SUPPLIED INFORMATION: Begin

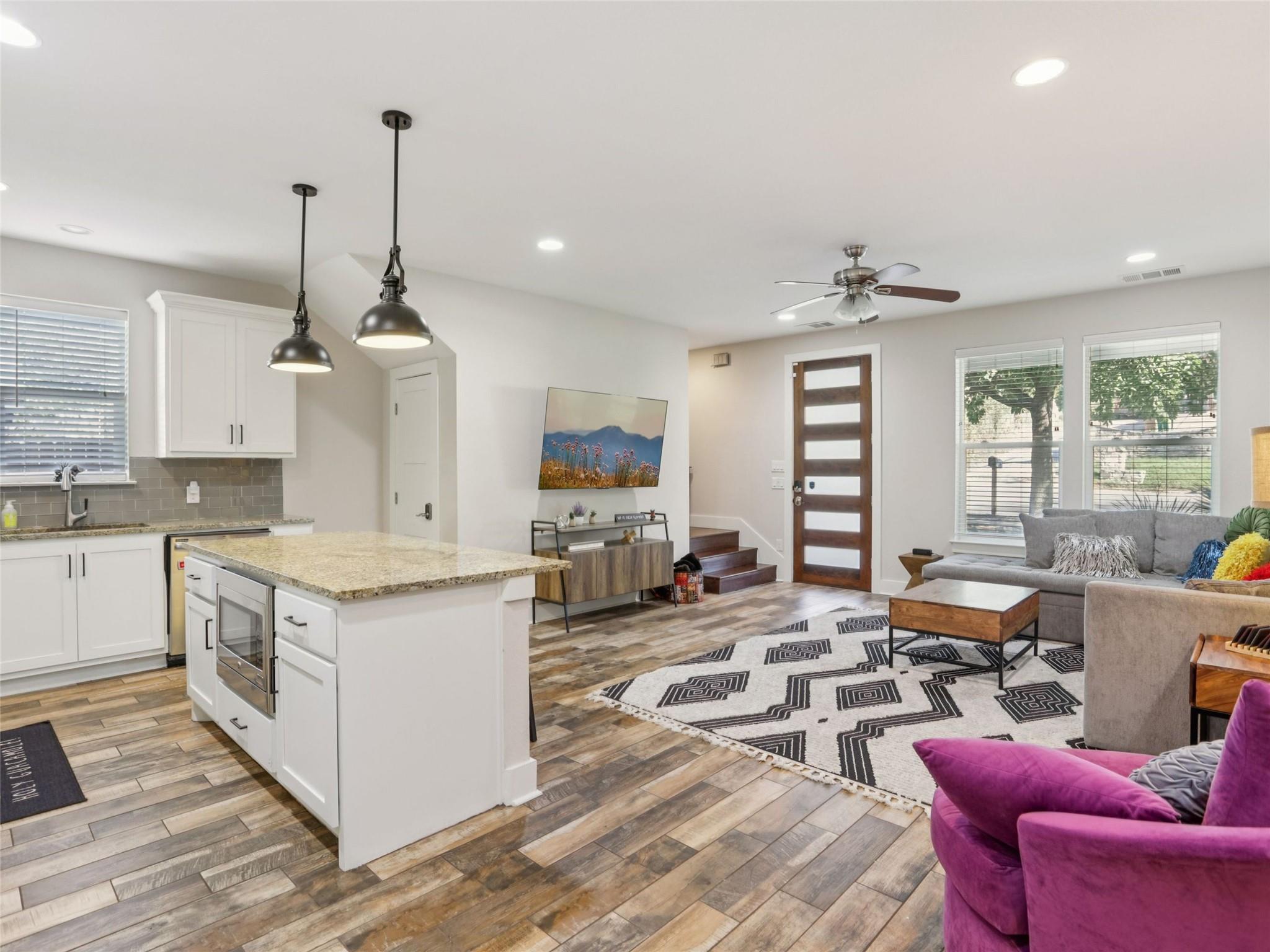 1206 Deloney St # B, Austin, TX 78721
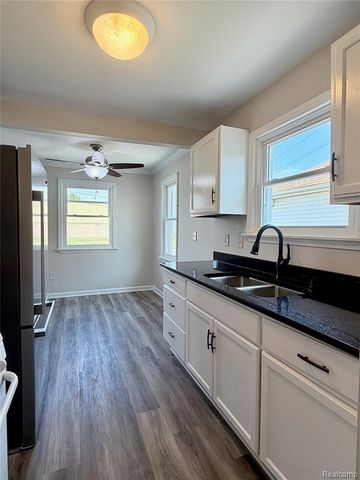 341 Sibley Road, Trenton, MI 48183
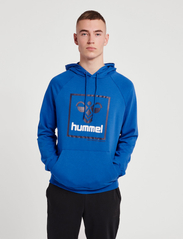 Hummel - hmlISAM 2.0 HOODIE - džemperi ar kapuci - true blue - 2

SUPPLIED INFORMATION: End

Set down exactly, from the line that contains "341 Sibley Road, Trenton, MI 48183" through the last line of the data, each line as it stands, and leave the pictures out.

> **SOLUTION BELOW**:
 341 Sibley Road, Trenton, MI 48183
 Hummel - hmlISAM 2.0 HOODIE - džemperi ar kapuci - true blue - 2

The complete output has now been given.